Publication
Article
Author(s):
In a 2022 survey representative of US adults, sexual minority individuals reported greater rates of telehealth use, especially for mental health visits, than heterosexual individuals.
ABSTRACT
Objectives: To address a lack of research documenting telehealth use and experiences among sexual minority individuals during the COVID-19 pandemic and inform health care policies beyond the pandemic.
Study Design: Secondary analysis of the 2022 Health Information National Trends Survey (HINTS), a cross-sectional survey representative of US adults.
Methods: We estimated multivariable probit regressions to understand how sexual orientation was associated with reporting telehealth use, modality (video only, telephone only, both), and experiences, including the reason for, subject of most recent, and quality of the telehealth visit. We adjusted estimates based on respondents’ self-reported demographics and health status. Analyses were weighted to represent the US adult population and used full information maximum likelihood to account for missing data.

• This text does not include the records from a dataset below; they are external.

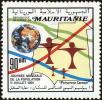 Stamp ID#186698 (1-233-2368)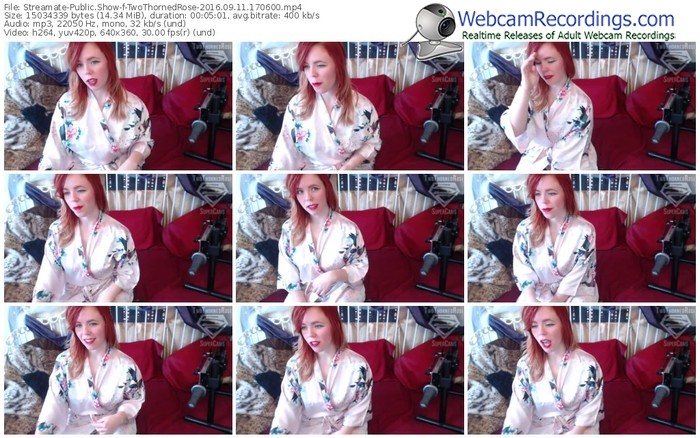 streamate-twothornedrose-webcam-show-09_11_2016-17_06_00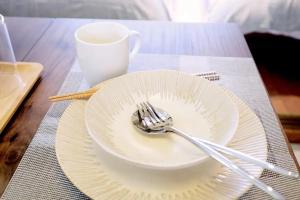 Yoyogi Flats - Vacation STAY 17487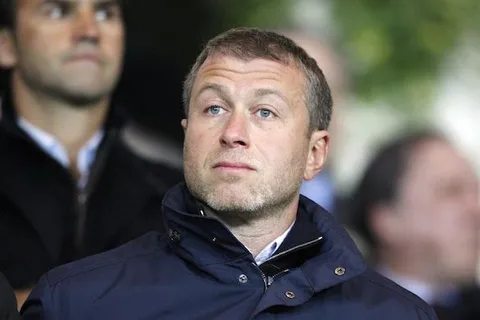 Chelsea : Abramovich aurait refusé une offre de rachat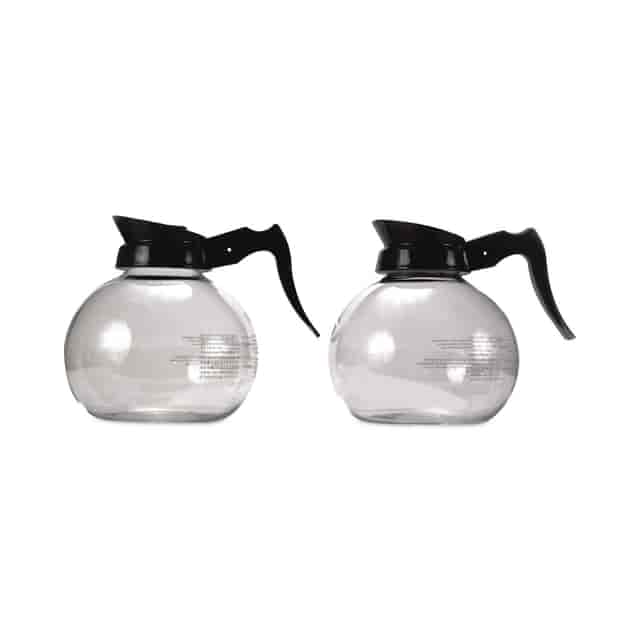 OGFCPRLG Product Image 4
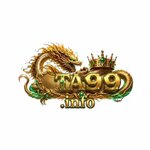 Ta99 Info is swapping clothes online from 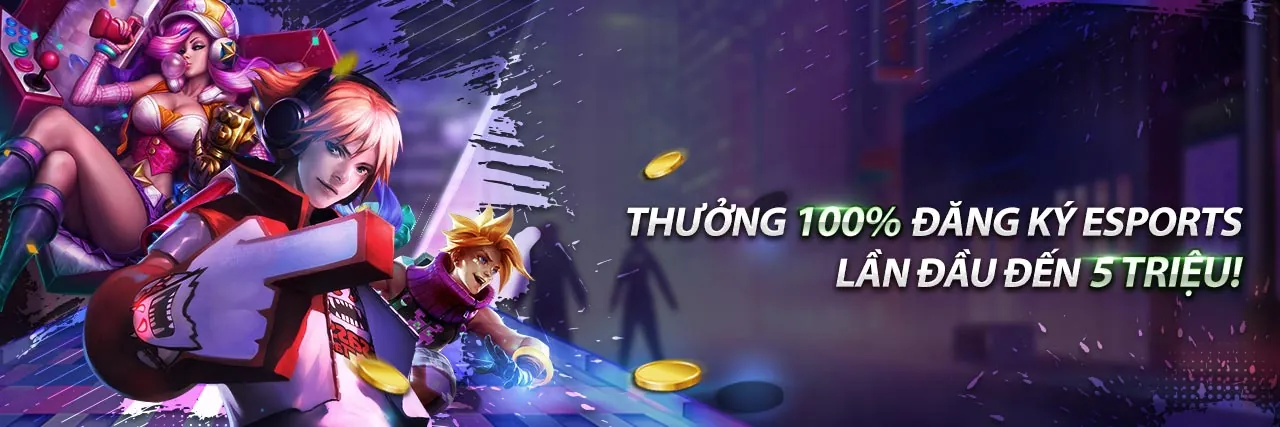 Chương trình thành viên VIP kv888 app android với các đặc quyền độc quyền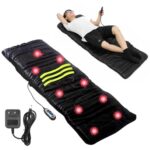 masseur électrique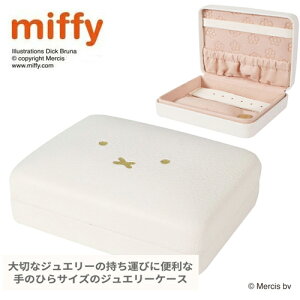 EMymiffy@~btB[@gx@gx@WG[P[X zP[X@WG[@ANZT[@CO@wց@s@gс@[@ObY@Jo@΂@obO@|[`@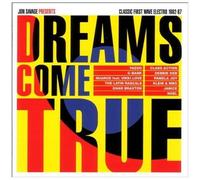 Dreams Come True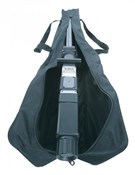 Topeak Elite Prepstand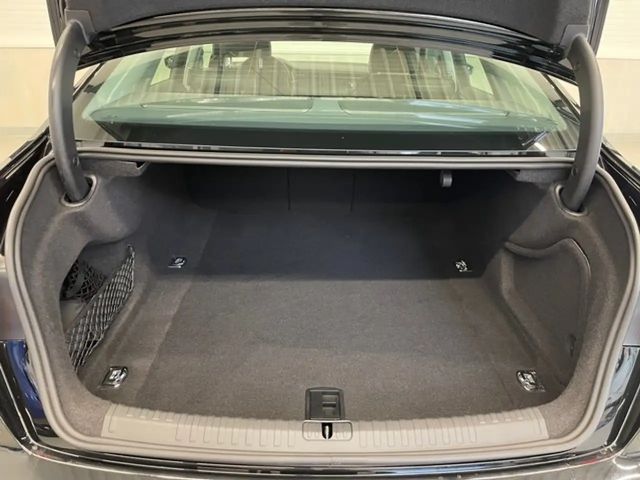 Audi A6 40 TDI Sedan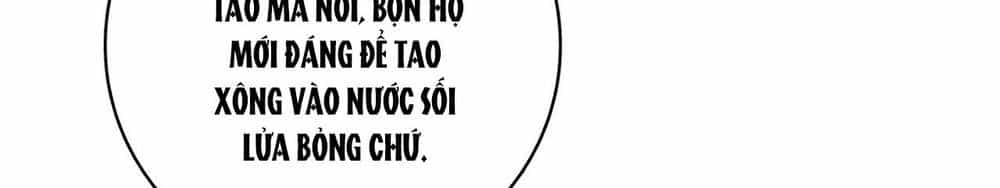 Trời Ban Cho Nam Thần Daddy - Chương 43 - ảnh 25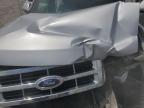 2011 Ford Escape Limited   للبيع في Cahokia Heights، IL - Front End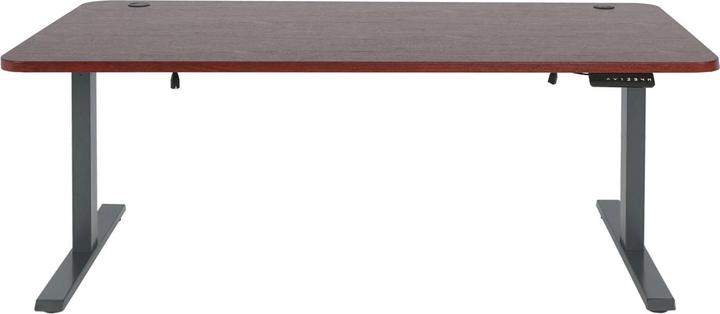 Actual product image MCW D40-53 (121 x 160 x 80 cm)
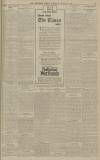 Western Times Tuesday 11 June 1918 Page 5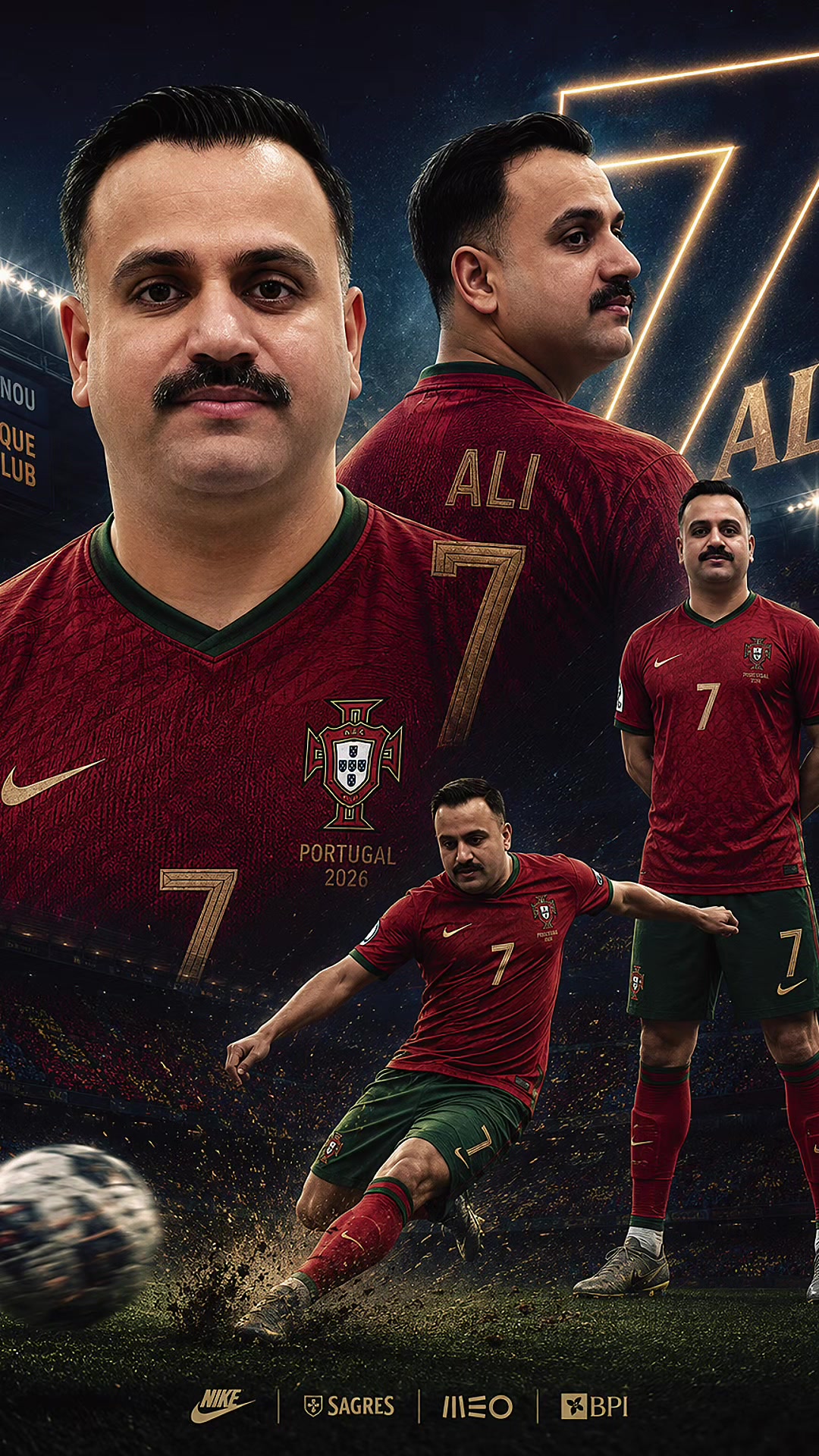 @ali nawaz910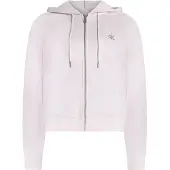Calvin Klein Jeans Lv047f208g Sweatshirt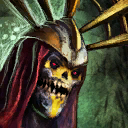 Mini Awakened Occultist.png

Results: Among all HINTS respondents, having a telehealth visit within the past year was more common among sexual minority respondents than heterosexual respondents. Among telehealth users, sexual minority respondents were more likely than heterosexual respondents to say that they used telehealth because it was convenient and minimized their exposure to illnesses and that the subject of the most recent telehealth visit was mental health. They were less likely to say the subject was minor/acute care. Modality use and quality were comparable between sexual minority respondents and heterosexual respondents.
Conclusions: The findings show greater demand for telehealth, especially for mental health care, among sexual minority adults. Knowledge of factors driving patterns in health care utilization within minoritized communities and the implications for both telehealth access and quality are necessary to create policies that have a broad positive impact.
Am J Manag Care. 2024;30(1):e19-e25. https://doi.org/10.37765/ajmc.2024.89490
Takeaway Points
This study provides guidance on how to leverage investments in telehealth to improve health care access among sexual minority adults and facilitate health equity in the postpandemic world.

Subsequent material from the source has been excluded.